During the last QT period, the Fed shrunk its balance sheet by ~15%. A similar reduction would be $1.34T. Even after QT hits full speed this month, it would take more than a year. Will the Fed continue QT as the economy flounders in recession and potentially dips into depression territory?
Figure: 10 Historical Fed Balance Sheet
What it means for Gold and Silver
The Fed is sticking to a hawkish tone. At Jackson Hole, Powell left no doubt that they are committed to fighting inflation. Despite the tough talk, there are still two very pertinent questions to be considered:
- If the Fed is so committed to fighting inflation, why are rates still below the rate of inflation? In all past inflation battles, the Fed raises rates above the rate of inflation.
- The market is already starting to buckle from the higher rates, will the Fed really continue to raise rates? This will clearly lead to a debt spiral for the US Treasury.

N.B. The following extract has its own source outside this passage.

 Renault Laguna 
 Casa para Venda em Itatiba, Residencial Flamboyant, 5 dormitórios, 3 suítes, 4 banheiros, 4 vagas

Based on current inflation, the Fed is moving far too slowly. However, based on the over-leveraged economy that is incredibly dependent on cheap money, the Fed is moving incredibly fast. They are moving so fast that they will unlikely realize the damage they have inflicted until it is way too late.
The actions of the Fed will bring destruction across the economy that will be felt too late for the Fed to do anything. Things could get very ugly in the months ahead, perhaps even bringing down the price of precious metals in the short-term. However, when the dust settles, gold and silver will offer the best insurance policy against the current economic backdrop.